If the dot.com bubble showed that ordinary words (Pets,
Furniture) have little brand value, the experience of
consumer appropriation of tradenames into the
general vocabulary proves something else: that words
mean what native speakers decide they mean,
regardless of who claims to own them.  If it looks like
a tradename, walks like a tradename, and quacks
like a tradename, it's a tradename, protests to
the contrary notwithstanding.  And if people decide it's
just a verb or a noun, you're likewise out of luck.

But this is just the case where you have a single
"owner" claiming fealty without ambivalence.

Brand defense (or denial) is even trickier when the
nominal stakeholders have mixed motivations, as they
often do in an industrial consortium.  The temptation for
individual member companies is to say "We *are*
<brand X>" when it concerns something good, but
"Oh, <brand X>, that's not us, really" whenever
certain odors can no longer be contained -- and to
move away from the collective brand identity to try
to establish something independently marketable.

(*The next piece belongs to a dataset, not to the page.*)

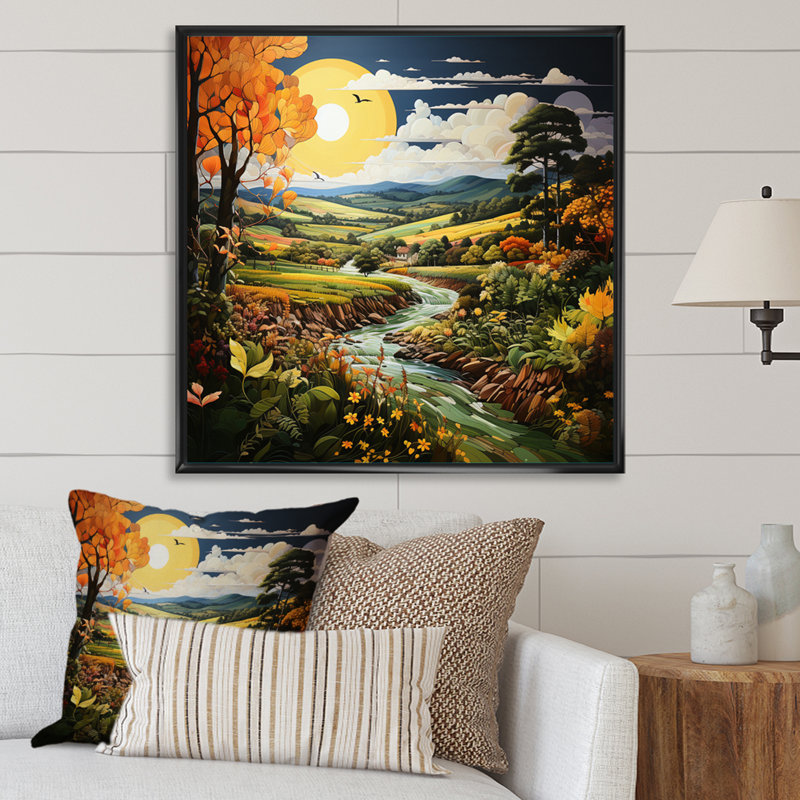 Countryside Pastoral Patchwork II - Landscapes Wall Art Living Room, H 16 po x l 16 po x P 1 po, Cadre flottant noir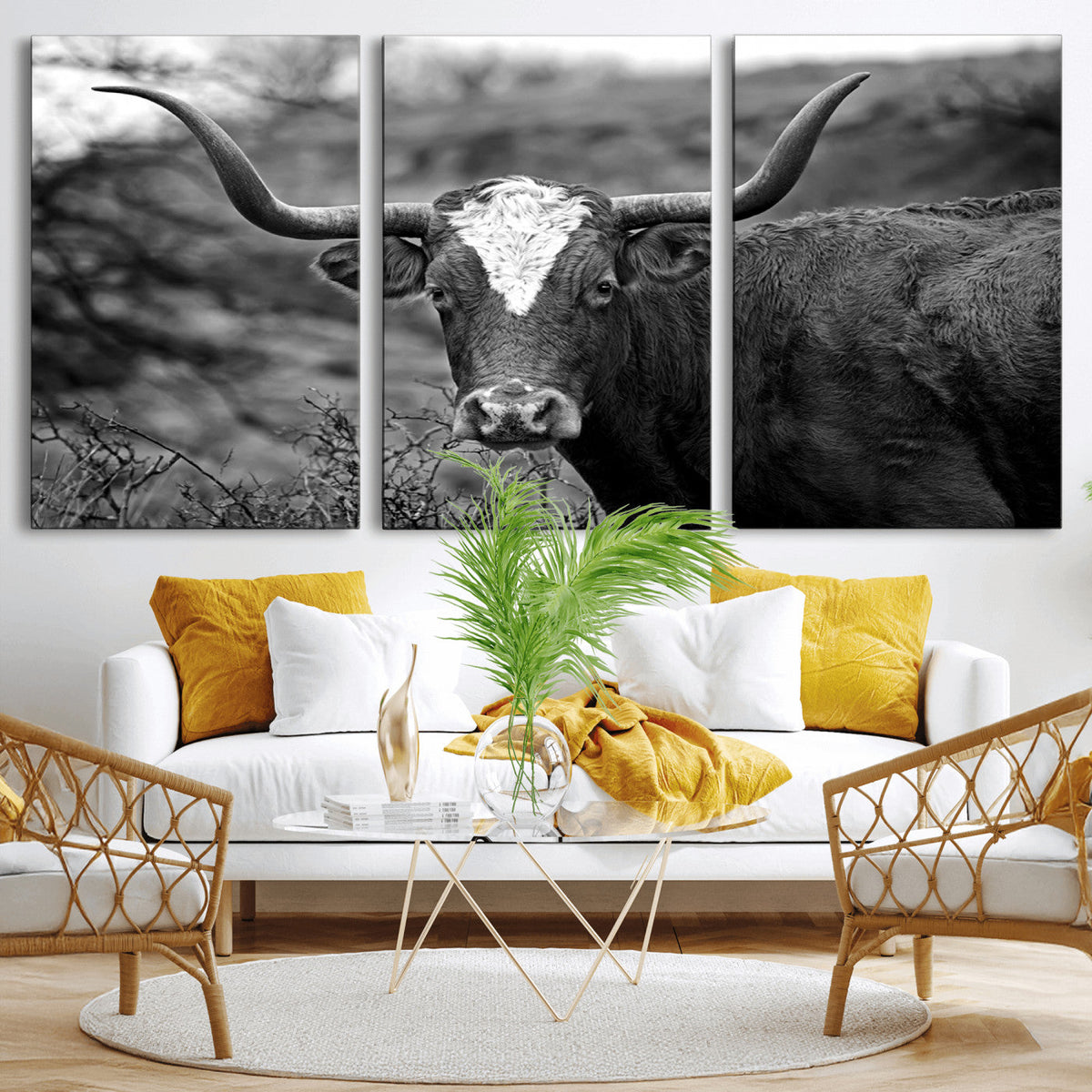 Western Home Wall Art Canvas Print, Framed Texas Longhorn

One close parallel I can see to the WAP Forum in
recent history is Project Athena -- which yielded, most
notably, the X window system.  By design, X did
not dictate what the desktop was to look like, and
various "brands" were attempted -- Motif, Open Look,
etc.

Well, the UNIX-triumphalist predictions of the early
90s look silly in retrospect -- none of those window
systems survives in any mass market consumer-recognizable
product.  What we have is: Windows and Macintosh.
I.e., relative predictable consumer experience packages
tied to single companies with their own established
brand power: Microsoft and Apple, respectively.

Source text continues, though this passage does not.